### TASK DESCRIPTION
For the data below, transcribe the part that opens with the line containing "Prefeito Izauri e" and closes with the line containing "Guma do żucia", exactly and with no pictures.

### PROVIDED DATA
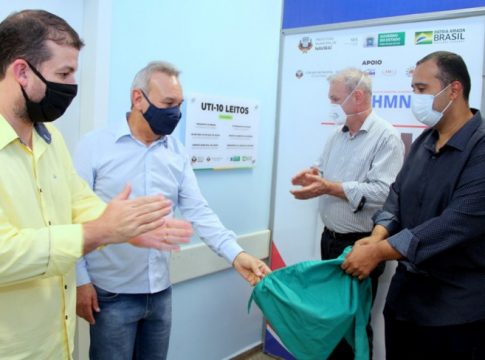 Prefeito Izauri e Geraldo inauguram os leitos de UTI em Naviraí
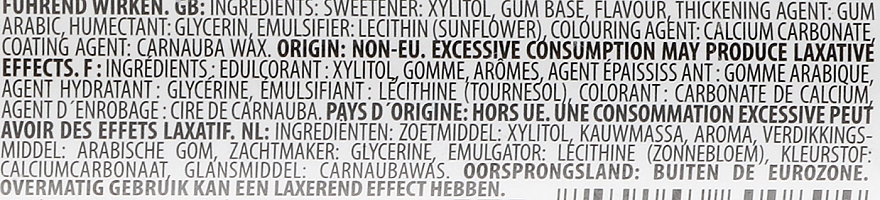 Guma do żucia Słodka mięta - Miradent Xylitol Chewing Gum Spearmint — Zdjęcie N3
==
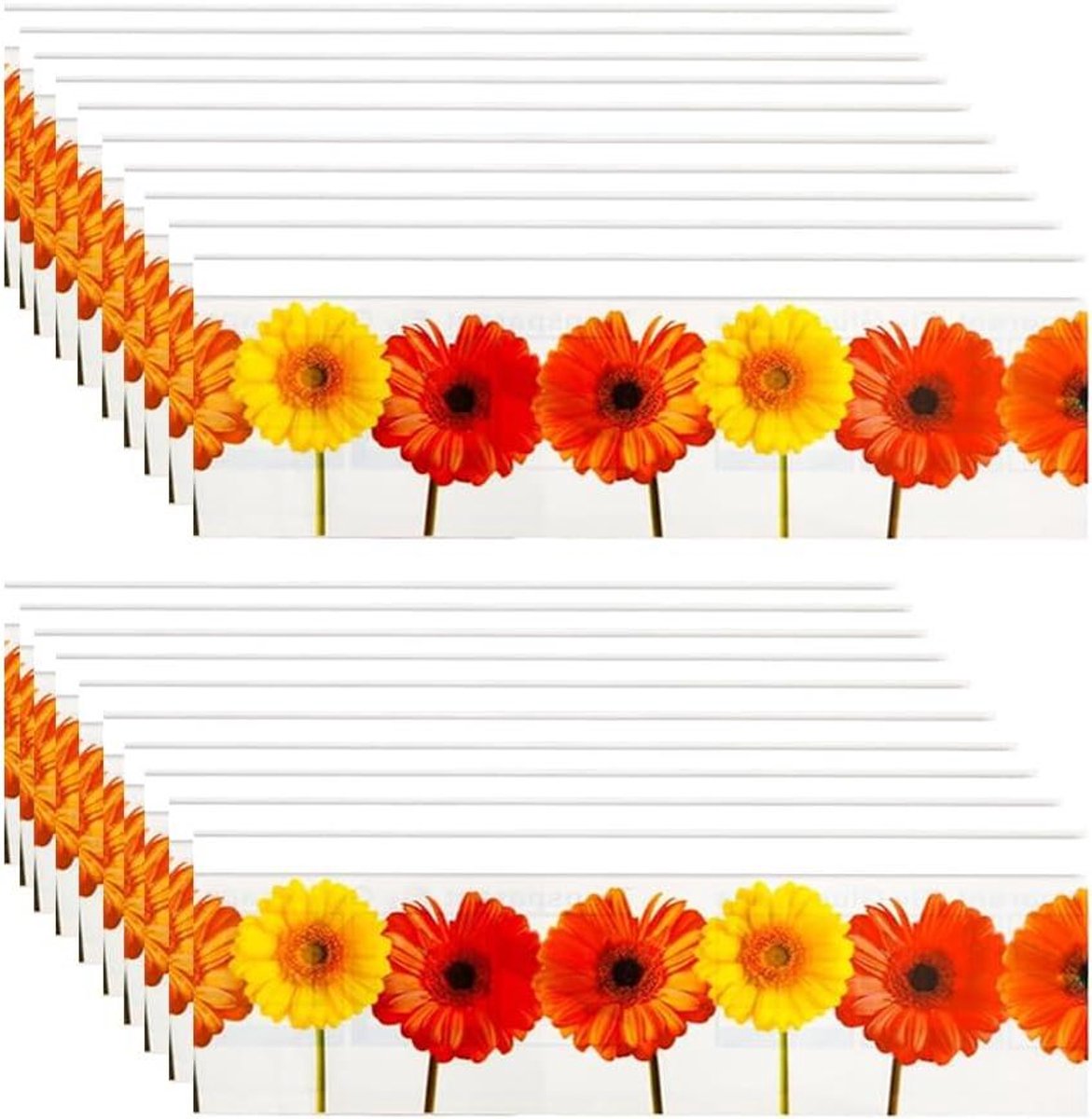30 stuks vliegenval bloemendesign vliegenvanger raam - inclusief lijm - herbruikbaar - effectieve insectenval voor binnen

### SOLUTION BELOW
 Prefeito Izauri e Geraldo inauguram os leitos de UTI em Naviraí
 Guma do żucia Słodka mięta - Miradent Xylitol Chewing Gum Spearmint — Zdjęcie N3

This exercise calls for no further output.